La visita a la favela es uno de los compromisos que Jorge Mario Bergoglio quiso añadir a la programación oficial de la Jornada Mundial de la Juventud. Tal como la visita que hizo Juan Pablo II a otra favela, en 1980. Dicho, hecho. Los obispos y los organizadores de la cita brasileña le propusieron al Papa Francisco acercarse a este "margen" de la ciudad carioca, una zona de muy bajo desarrollo, hasta hace pocos meses campo de batalla entre narcos. El obispo de Roma -que antes de salir para Brasil fue a Lampedusa, donde desembarcan los inmigrantes africanos- quiere llevar "el regalo más valioso que tengo, Jesús" hasta este rincón que contradice la imagen de un país que vive lanzado en el futuro, con una economía que marcha sobre ruedas.

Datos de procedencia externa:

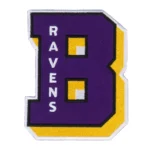 Baltimore Ravens Letter B "RAVENS" Embroidered Patch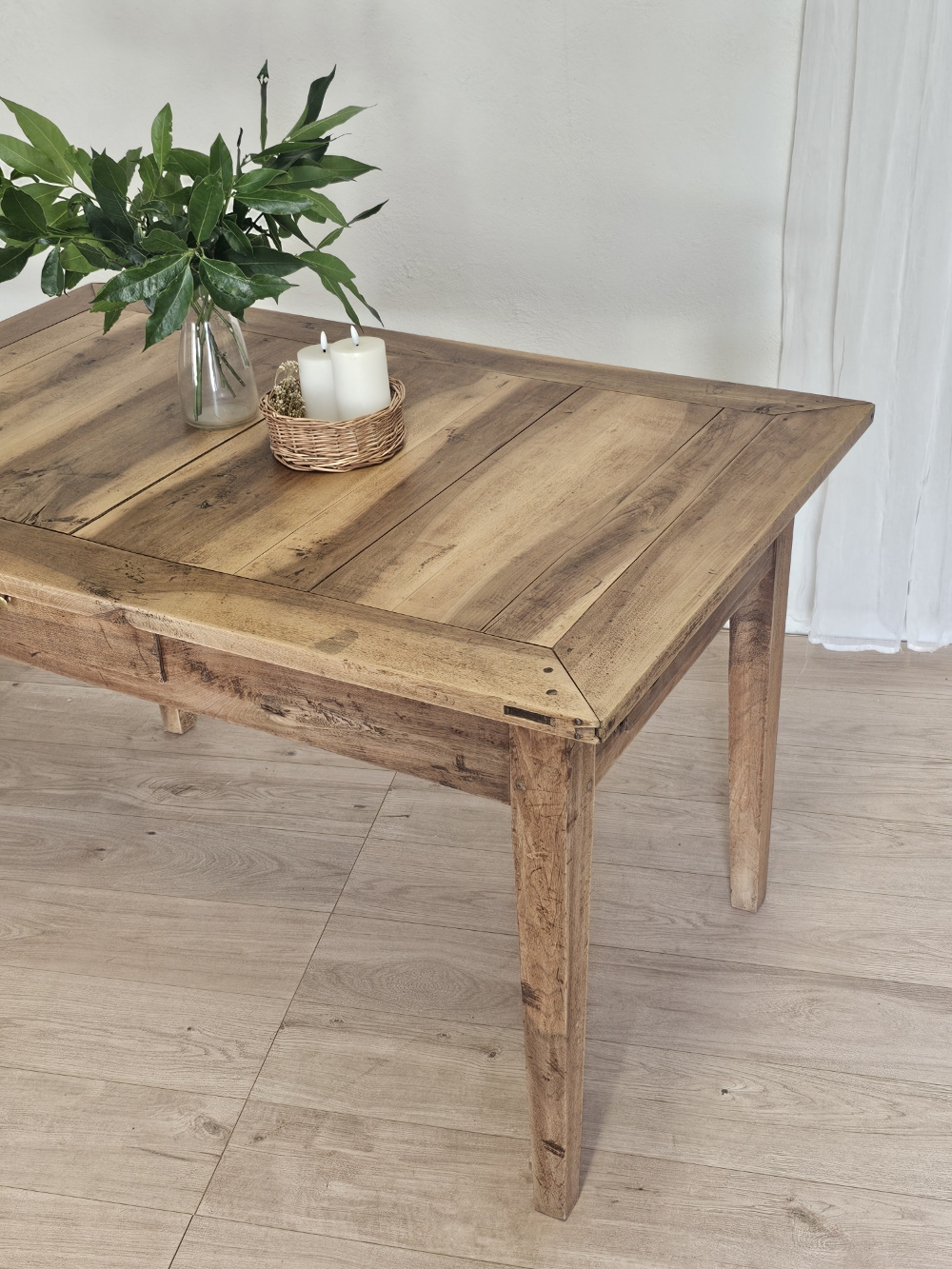 Table de cuisine ancienne style table de ferme en bois20260629_170943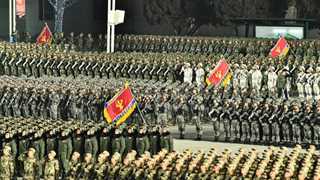 N. Korea seemingly holds military parade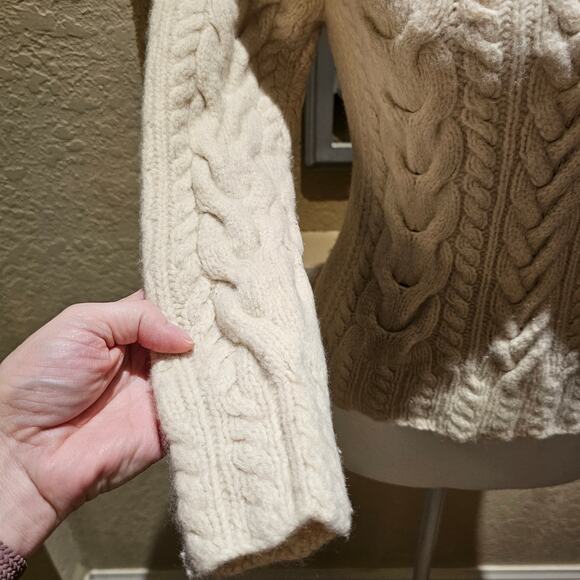 Perry Ellis 100% Wool Sweater Size XS Classic Winter Ski Cabincore Cozycore Knit - Picture 6 of 7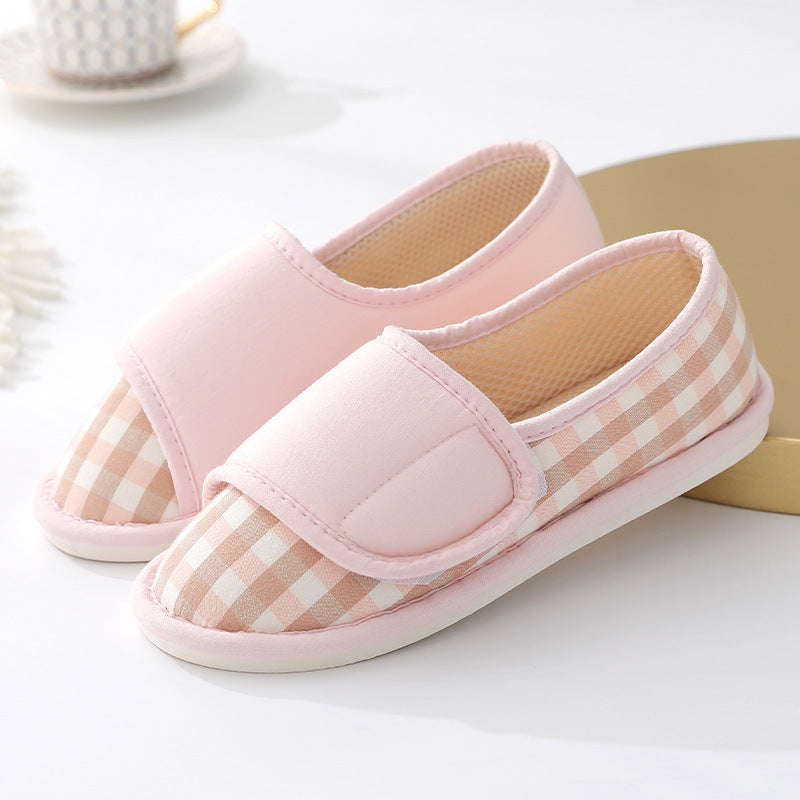 Plus Size Maternity Soft Bottom Non-Slip Confinement Slippers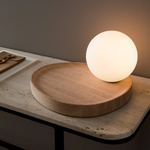 Load image into Gallery viewer, Katri Minimalist Opaline Globe Table Lamp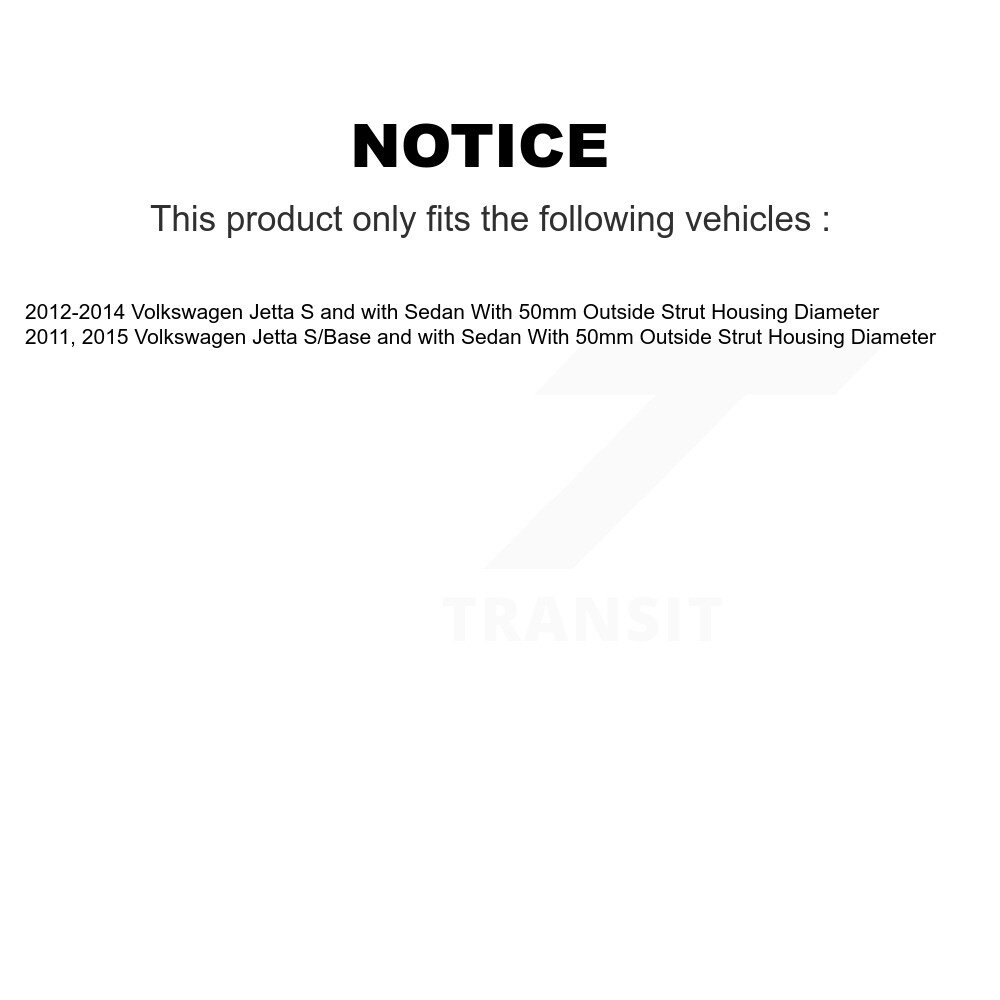 [Front] Suspension avant Strut Coil Spring Assemblage pour Volkswagen Jetta 78A-13060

"Es una alegría para todos nosotros. Levantamos la iglesia aquí en el medio, con un esfuerzo colectivo y este es el regalo más bello, inesperado", se emociona el párroco de San Jerónimo, Marcio Queiroz. En la capilla, un pequeño local de apenas cinco metros de ancho y siete filas de bancos de madera, se ultiman los preparativos: el sonido, las luces. No hay ornamentos, sólo algunas estatuillas de la Virgen, de San Jerónimo y un crucifijo en barro pintado. Todo está brillante, como si alguien acabara de sacar brillo con esmero. Encima del altar, un mantel bordado y dos velas amarillas. Huele a limpio. "Bienvenido Francisco", se lee en una lámina que cuelga al lado de la puerta de entrada. Se calcula que en la población hay igual número de fieles católicos que de evangélicos, pero todos celebran al Papa.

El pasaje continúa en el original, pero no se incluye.